#### Records shown

_ _ _ _ _

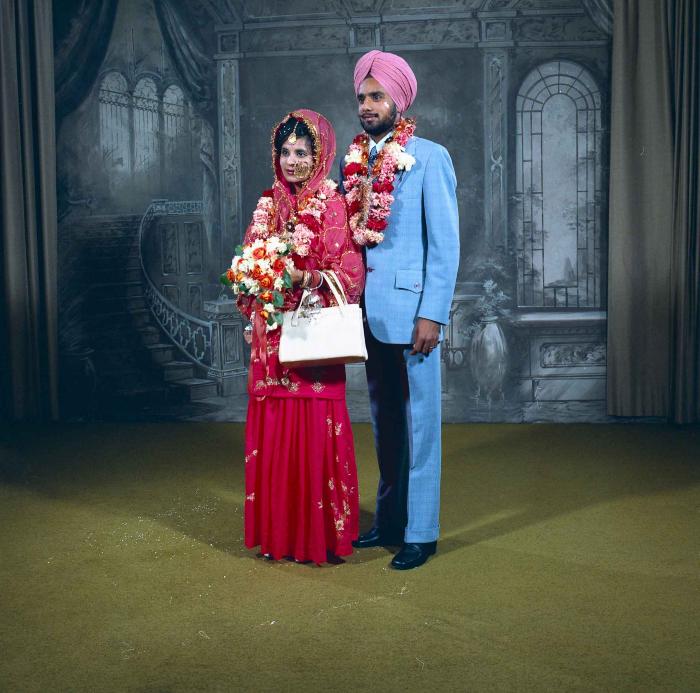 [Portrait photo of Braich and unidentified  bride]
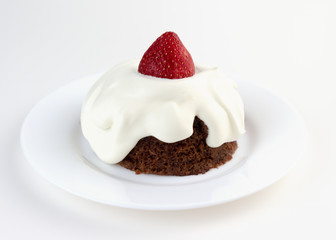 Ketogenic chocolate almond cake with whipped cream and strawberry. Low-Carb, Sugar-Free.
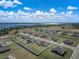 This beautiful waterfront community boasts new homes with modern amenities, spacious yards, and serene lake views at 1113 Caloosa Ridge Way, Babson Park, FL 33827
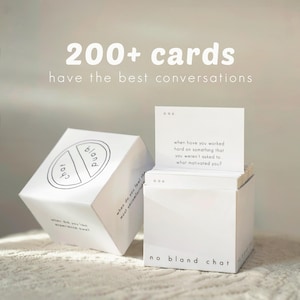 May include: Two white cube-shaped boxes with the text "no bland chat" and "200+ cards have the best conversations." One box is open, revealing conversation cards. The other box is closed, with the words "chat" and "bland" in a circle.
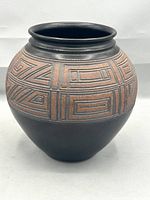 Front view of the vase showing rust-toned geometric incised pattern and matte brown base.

_ _ _ _ _

Copy every record character for character. Skip the pictures.

 [Portrait photo of Braich and unidentified  bride]
 Ketogenic chocolate almond cake with whipped cream and strawberry. Low-Carb, Sugar-Free.
 This beautiful waterfront community boasts new homes with modern amenities, spacious yards, and serene lake views at 1113 Caloosa Ridge Way, Babson Park, FL 33827
 May include: Two white cube-shaped boxes with the text "no bland chat" and "200+ cards have the best conversations." One box is open, revealing conversation cards. The other box is closed, with the words "chat" and "bland" in a circle.
 Front view of the vase showing rust-toned geometric incised pattern and matte brown base.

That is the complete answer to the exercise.